I asked my daughter, "could you see anything?" "Nope, nothing at all," she replied in a rather upbeat sort of, "I just verified something I've been suspecting for a good while now and it's good to have an answer" kind of way like a lab technician might note results on a clipboard.
She then wanted to shine the light in the left eye. This is the eye that has some very unknown amount of vision. It's so hard to tell what she can and can't see. Is it shadows and large forms only? She zips around the house and any areas she knows well. She isn't completely accurate and can still bump into walls. She doesn't know where things are in front of her or far away. I don't think she can tell colors but maybe she can know that something isn't a dark or light color. It's very hard to tell.
It's easy to want her to see more than she does so I always wait until I have proof she can see something. She can magically see a lot of times. This is a term I'm using for situations where my daughter will tell you or someone about a thing that would indicate she could see it. She's tricky. If she's heard someone else talk about it or remembers it from before or any number of ways in which she could "see" something when really she "knows" it.
When she held the light up to her left eye the other day, I let her do it because she needed to find out what she could see for herself. I asked her if she could see the. W light and she said, "of course" in a tone of voice that said she couldn't believe I'd even asked her that. Then I asked her if she could see shapes and things and she told me she could see lots of things. We didn't get into more than that. She says she's only half-blind. Finding out what that sighted part sees is very hard to nail down.

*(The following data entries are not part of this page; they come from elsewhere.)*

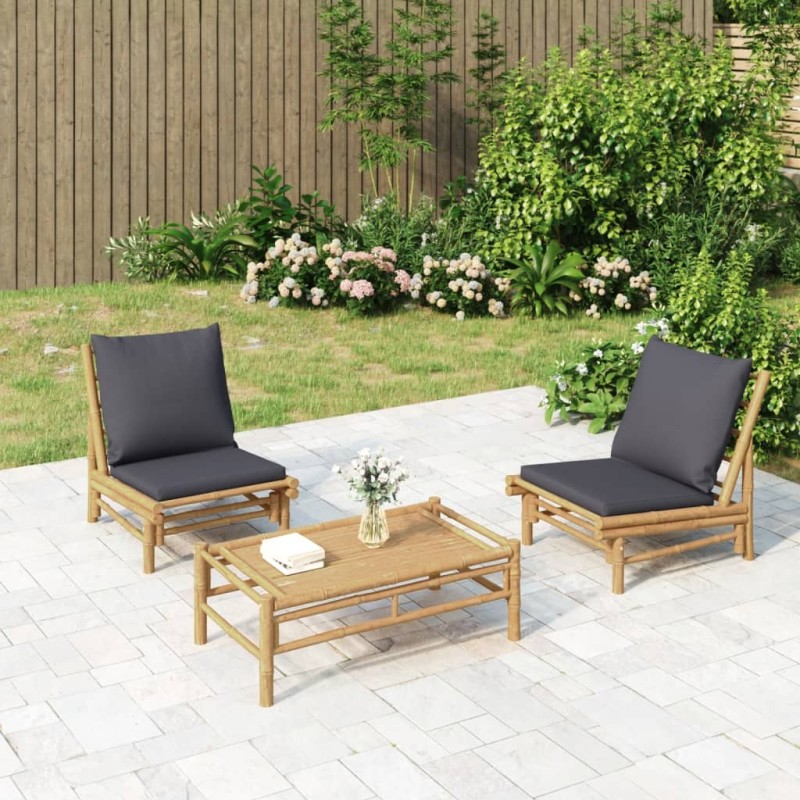 vidaXL Set Salotto da Giardino 3pz con Cuscini Grigio Scuro Bambù vidaXL Set Salotto da Giardino 3pz con Cuscini Grigio Scuro Bambù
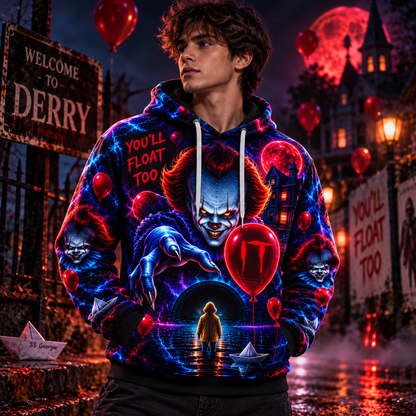 Halloween Neon Pennywise AOP T-Shirt Sweatshirt Hoodie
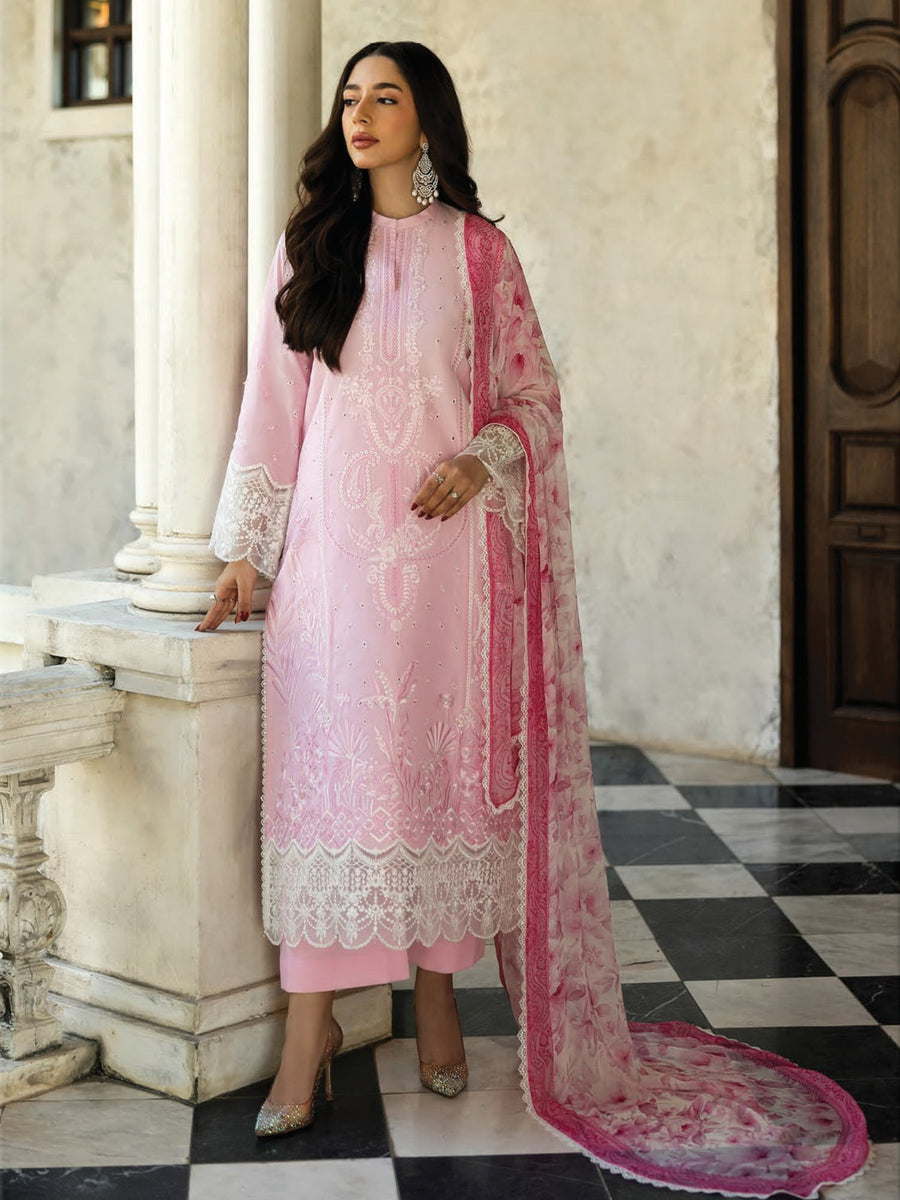 Zainab Chottani Embroidered Chikankari Lawn Unstitched 3Pc Suit D-07A Liyah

The Big Boy Update: My son likes to be a parent. He wants to mostly be a parent when it comes to doling out punishments. This typically means his sister. I think in part he's trying to help. It doesnt come across that way to his sister though.
The Tiny Girl Chronicles: My daughter came into the bonus room where I'm working here and stated, "I need this room" in a definitive tone. I told her I was still working but she was welcome to work with me here. She got her braillewriter and a stack of about fifty sheets of braille paper and left. I asked why she needed to leave and she told me it was something for mother's day and she liked to talk to herself out loud while she typed and so she had to go to another room.